Ah, Cristiano Ronaldo ve asfaltta dandik toplarla bir türlü beceremediğimiz ölü yaprak vuruşları... Fotoğraf: Getty

Cristiano'nun Portsmouth'a 2008'de attığı gol muhtemelen bunun en ünlü örneği. Ancak daha iyisi Bolton'a attığı frikik golü. Top oldukça normal görünen bir şekilde havalanıyor, ardından düşüyor gibi görünüyor ve tüm bu hareketler bir dereceye kadar rastgele. Cristiano Ronaldo elbette topu havada hareket ettirmeye çalışıyordu ama tabii ki bu hareketi tam olarak kontrol edemiyordu.

Portekizli bu topların döneminde uzak mesafeli şutlarda ustalaşmıştı. Kariyerindeki gol istatistikleri göz önüne alındığında, diğer toplarla oynamaya da alışmayı öğrendi.
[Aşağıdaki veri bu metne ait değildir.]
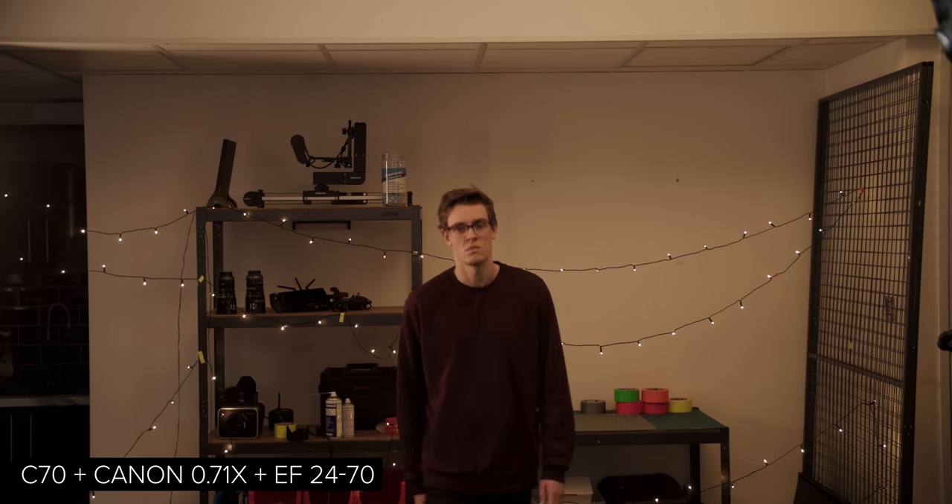With the Canon cameras we tried to use the same autofocus settings across all three cameras. First, using the RF 24-70 straight onto the camera, performance was good with really solid tracking. The EF 24-70 with a straight pass-through adapter was comparable, though the RF version of the lens is a touch snappier. With the focal reducer and the EF lens, performance seems pretty much the same as a straight pass-through adapter apart from the reduced coverage mentioned earlier. We also tested Canon's 50mm f1.2 wide open and a Sigma 70-200 f2.8 Sport at f2.8 — both performed nearly identically with the regular adapter versus the focal reducer. Overall, the focal reducer with the C70 performs on par with the regular pass-through adapter, which is pretty awesome.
Ancak toplar değiştiği için “knuckle ball” ya da Türkçede "ölü yaprak vuruşu" denen bu stilde serbest vuruş atma yeteneğini büyük ölçüde kaybetti. Aynı tekniği kullansa da serbest vuruşları gole çevirme oranı ciddi oranda düştü.

2018 Dünya Kupası'nda Portekiz'in İspanya ile 3-3 berabere kaldığı maçta harika bir frikik golü atmıştı mesela ancak burada daha geleneksel bir teknik uygulayarak falsolu bir vuruş yapmıştı. Cristiano Ronaldo ve bir dönem Didier Drogba'nın da denediği stil yavaş yavaş futboldan siliniyor. Klasik frikikçilerin en iyilerinden biri olan David Beckham'ın tarzına en yakın isim olarak nitelendirebileceğimiz West Ham forması giyen James Ward-Prowse'un dönemindeyiz.
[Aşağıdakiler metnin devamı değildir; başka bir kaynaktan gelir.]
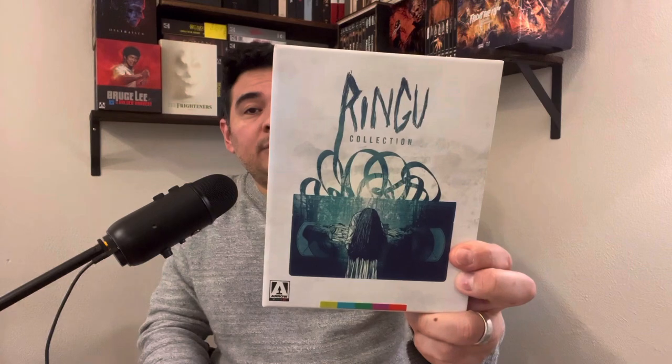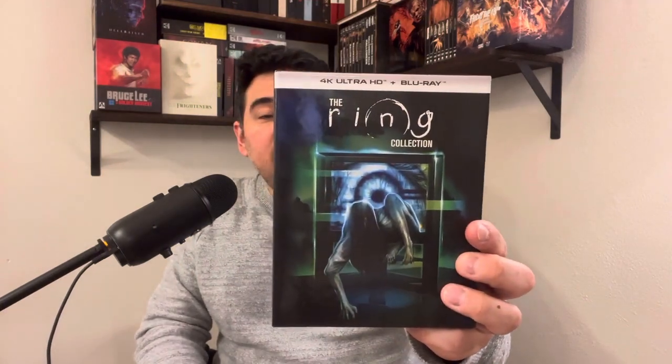I also have Arrow's 3-film collection — Ringu, Ringu 2, and Ringu 0. This is the second edition; the original release was different. There's also an extra booklet included. So let's talk about the Ring collection by Scream Factory — this release is a hard box and it's actually really nice.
Euro 2024 topu, havada hızlı görünmesine rağmen, günümüzün diğer toplarından pek farklı değil. Yani önemli olan doğru şekilde hareket etmesi. Şu ana kadar, oyuncuların topu kasıtlı olarak hareket ettirebilmelerinin dört farklı yolunun harika örneklerini gördük.

Romanya forması giyen Nicolae Stanciu, Ukranya filelerini şahane bir golle sarstı. Fotoğraf: Getty

İç üst, dış vs... Romanya forması giyen Nicolae Stanciu'nun golü kendisine atılan topla geldi. Topun dönüşünü kendi lehine kullandı, topun altına girip etrafından dolaştı ve topu kaleciden uzak köşeye doğru kıvırdı.

Arda Güler, Gürcistan ağlarına bıraktığı şık füzesinde sol ayak iç üstüyle topu güçlü bir şekilde kaleye kesiyordu.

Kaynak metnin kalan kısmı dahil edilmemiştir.